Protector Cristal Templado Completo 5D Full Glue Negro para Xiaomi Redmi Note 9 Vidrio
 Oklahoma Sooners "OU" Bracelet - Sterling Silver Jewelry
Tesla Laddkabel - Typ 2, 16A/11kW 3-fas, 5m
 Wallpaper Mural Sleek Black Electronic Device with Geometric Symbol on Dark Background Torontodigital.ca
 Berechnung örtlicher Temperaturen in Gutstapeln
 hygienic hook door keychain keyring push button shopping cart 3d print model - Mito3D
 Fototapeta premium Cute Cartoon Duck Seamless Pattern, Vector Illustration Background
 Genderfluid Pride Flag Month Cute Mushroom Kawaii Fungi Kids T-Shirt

++++++++

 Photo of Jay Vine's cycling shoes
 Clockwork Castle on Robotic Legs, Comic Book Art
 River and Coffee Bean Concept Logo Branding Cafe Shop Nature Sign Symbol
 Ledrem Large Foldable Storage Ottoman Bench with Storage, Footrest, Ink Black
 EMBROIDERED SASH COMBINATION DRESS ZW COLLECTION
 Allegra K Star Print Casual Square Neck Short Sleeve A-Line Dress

++++++++

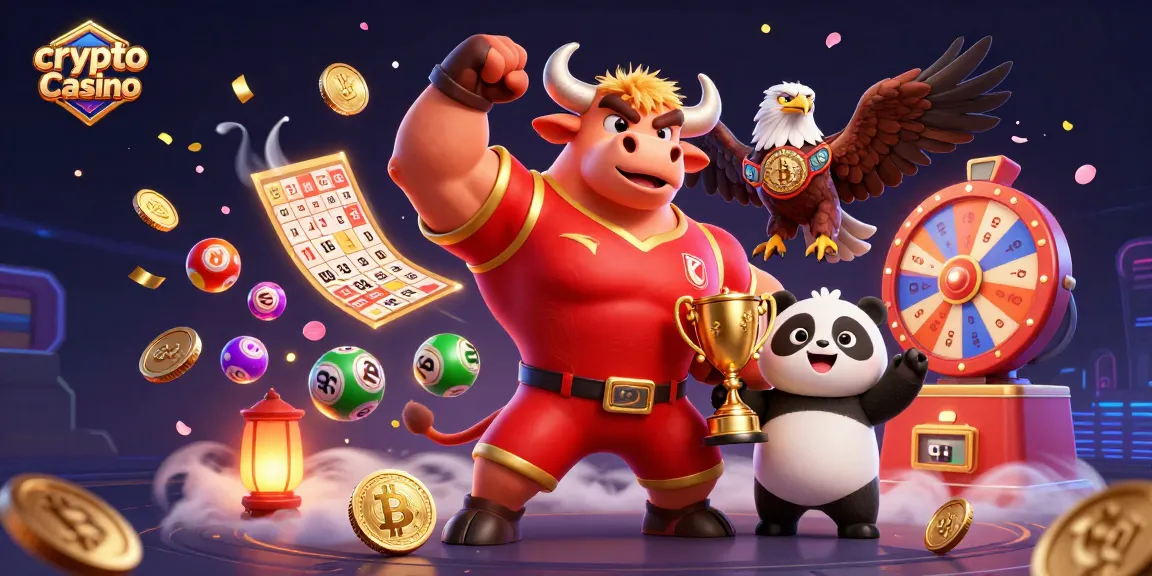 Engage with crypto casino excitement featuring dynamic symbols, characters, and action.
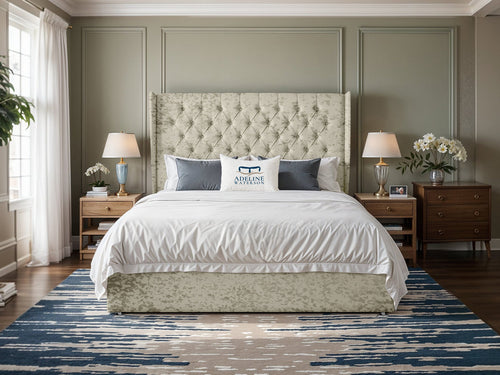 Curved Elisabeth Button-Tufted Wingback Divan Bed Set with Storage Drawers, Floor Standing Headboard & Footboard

++++++++

◆ **WHAT YOU ARE ASKED TO DO**: When you reach the line holding "hygienic hook door" in the records above, begin reproducing exactly, stop after the line holding "Genderfluid Pride Flag", and output nothing else.

◆ **PROBLEM SOLUTION**:
 hygienic hook door keychain keyring push button shopping cart 3d print model - Mito3D
 Fototapeta premium Cute Cartoon Duck Seamless Pattern, Vector Illustration Background
 Genderfluid Pride Flag Month Cute Mushroom Kawaii Fungi Kids T-Shirt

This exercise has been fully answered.